## Exercise prompt
Here is a listing. Write it all out again exactly, but not its pictures.

## Supplied entries
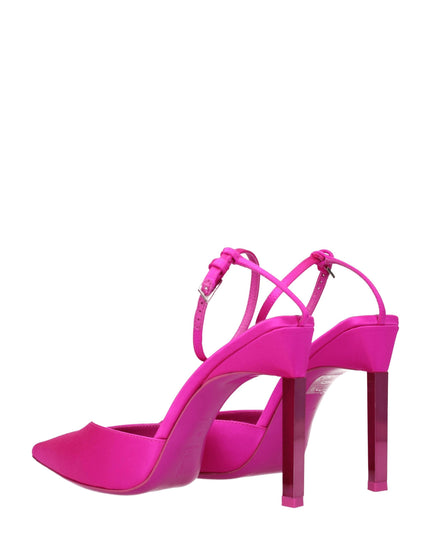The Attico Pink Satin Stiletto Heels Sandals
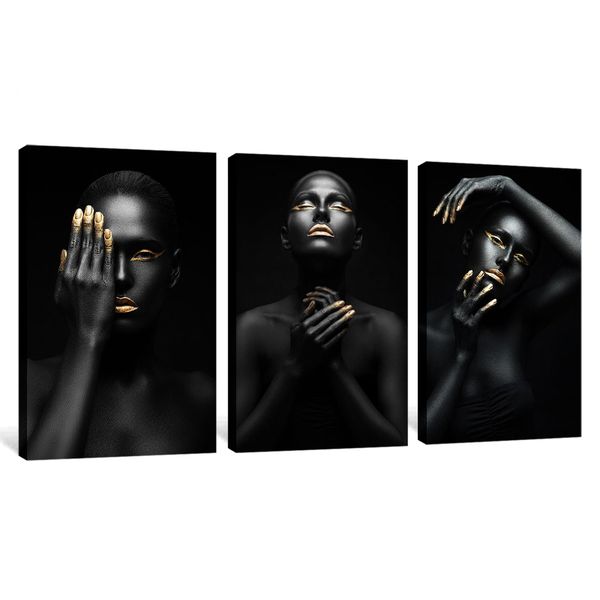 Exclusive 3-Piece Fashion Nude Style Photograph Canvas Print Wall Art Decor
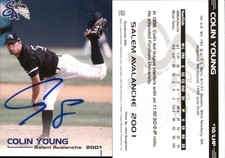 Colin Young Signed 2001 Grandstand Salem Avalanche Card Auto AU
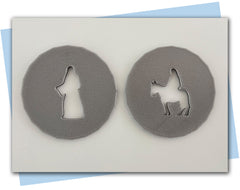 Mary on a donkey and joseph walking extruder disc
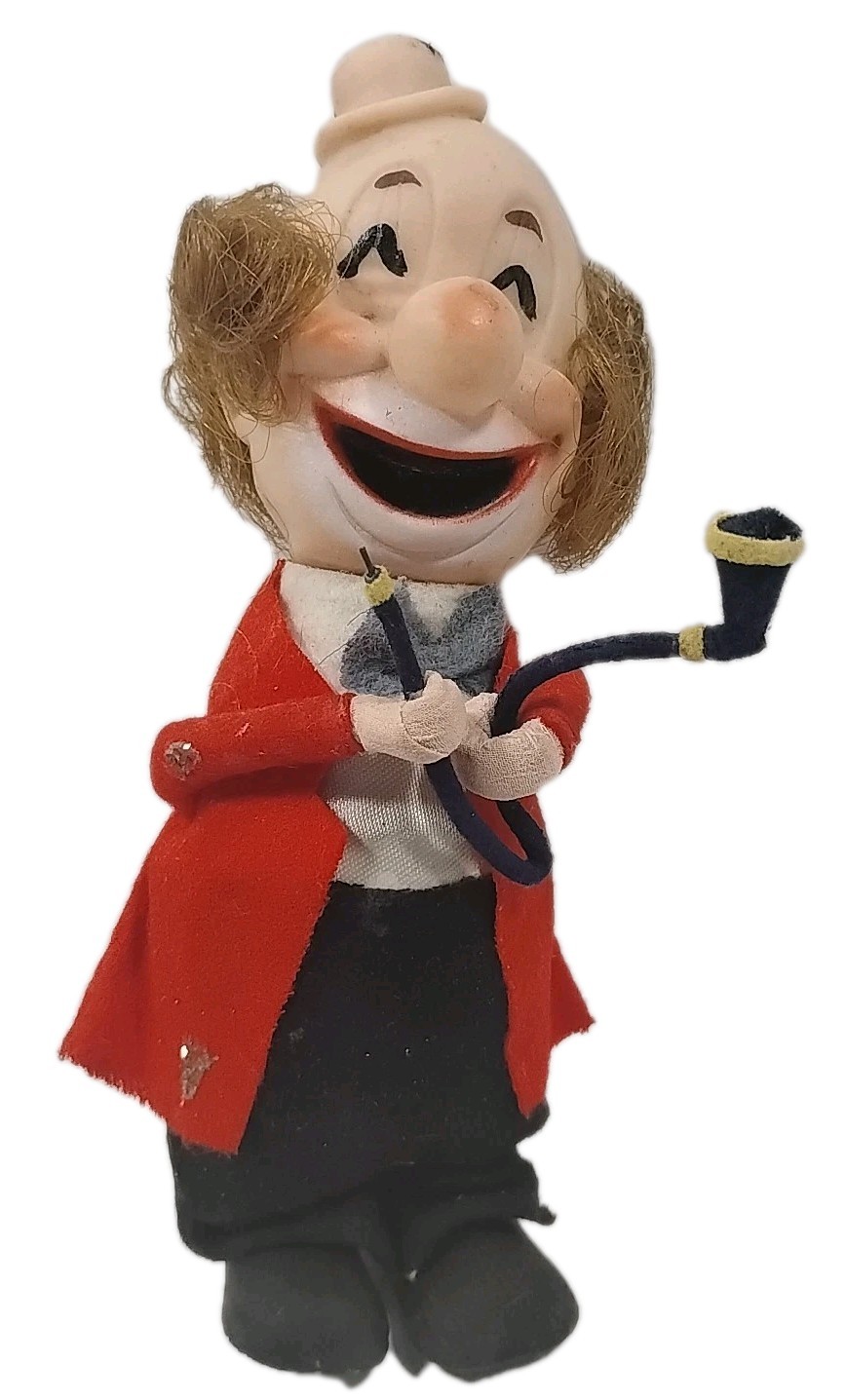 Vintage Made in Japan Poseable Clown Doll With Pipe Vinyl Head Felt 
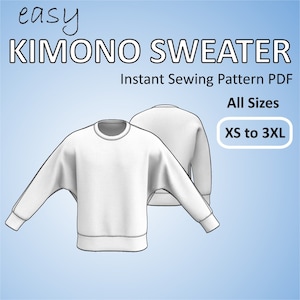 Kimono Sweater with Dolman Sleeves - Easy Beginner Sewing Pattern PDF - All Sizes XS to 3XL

## Worked solution
The Attico Pink Satin Stiletto Heels Sandals
 Exclusive 3-Piece Fashion Nude Style Photograph Canvas Print Wall Art Decor
 Colin Young Signed 2001 Grandstand Salem Avalanche Card Auto AU
 Mary on a donkey and joseph walking extruder disc
 Vintage Made in Japan Poseable Clown Doll With Pipe Vinyl Head Felt 
 Kimono Sweater with Dolman Sleeves - Easy Beginner Sewing Pattern PDF - All Sizes XS to 3XL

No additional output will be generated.